───── EXERCISE DATA
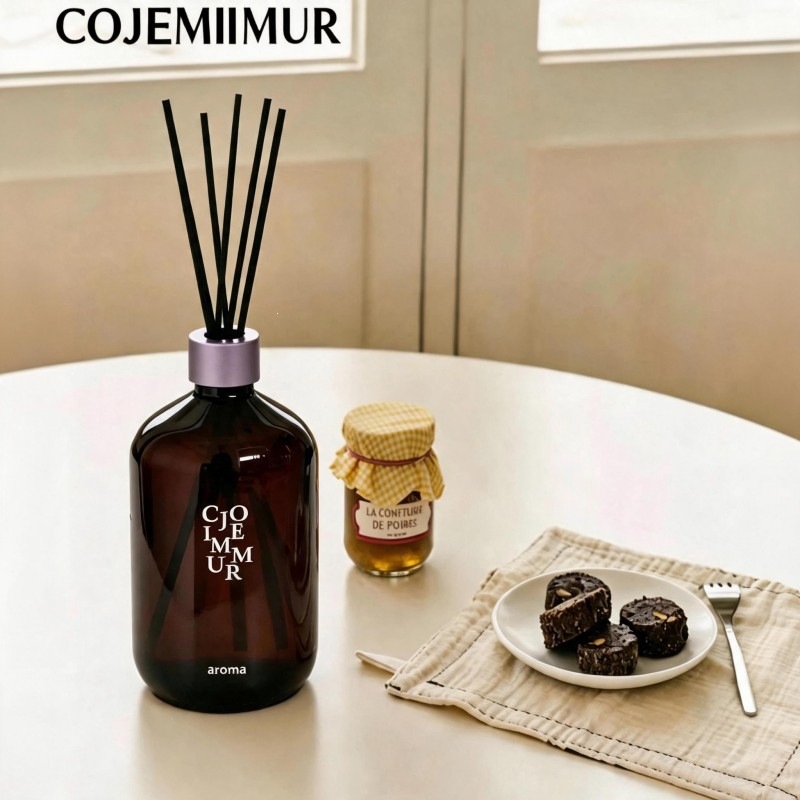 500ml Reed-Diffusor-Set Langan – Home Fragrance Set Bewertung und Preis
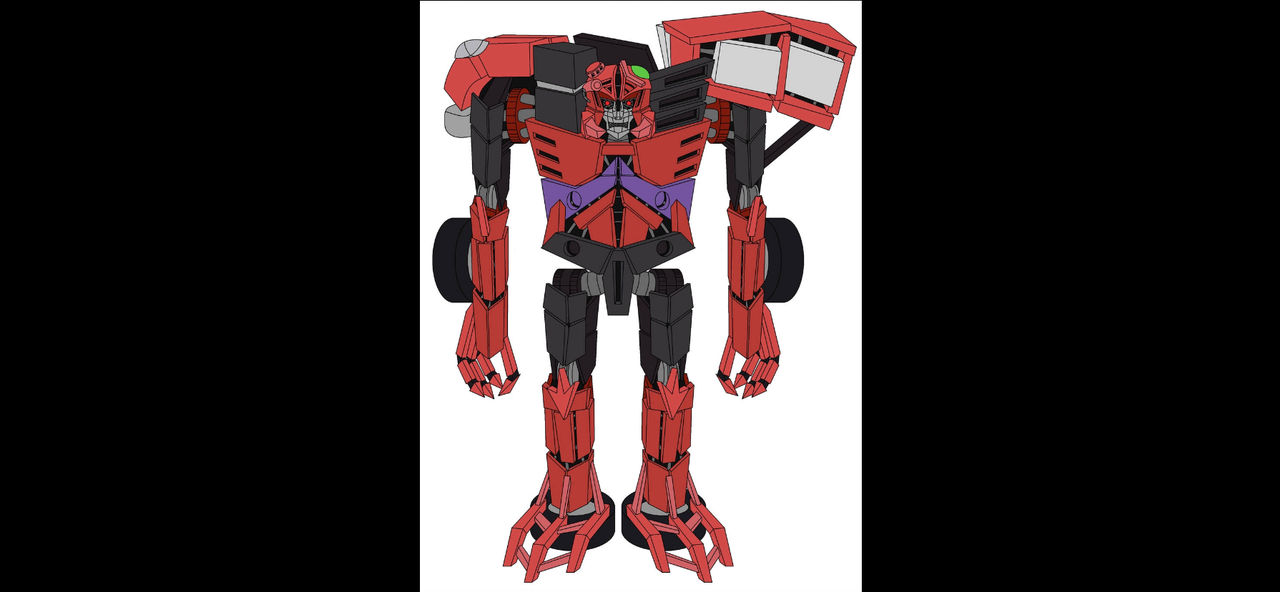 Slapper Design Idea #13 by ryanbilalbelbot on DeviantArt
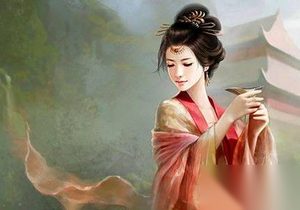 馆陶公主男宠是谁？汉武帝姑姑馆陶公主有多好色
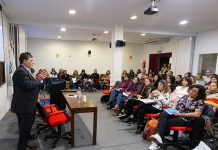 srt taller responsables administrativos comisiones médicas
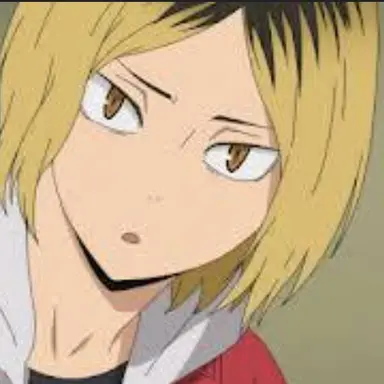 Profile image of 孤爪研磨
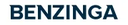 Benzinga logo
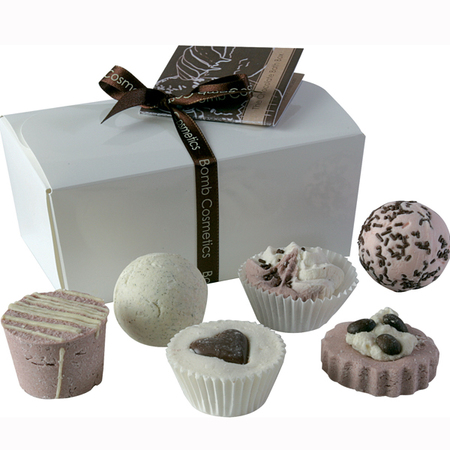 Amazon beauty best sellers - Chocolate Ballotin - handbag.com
──────────
■ **DESCRIPTION OF THE TASK**
Starting at the line that contains "srt taller responsables" and ending with the last line of the data, transcribe every line exactly; skip the pictures.

■ **TASK ANSWER**
 srt taller responsables administrativos comisiones médicas
 Profile image of 孤爪研磨
 Benzinga logo
 Amazon beauty best sellers - Chocolate Ballotin - handbag.com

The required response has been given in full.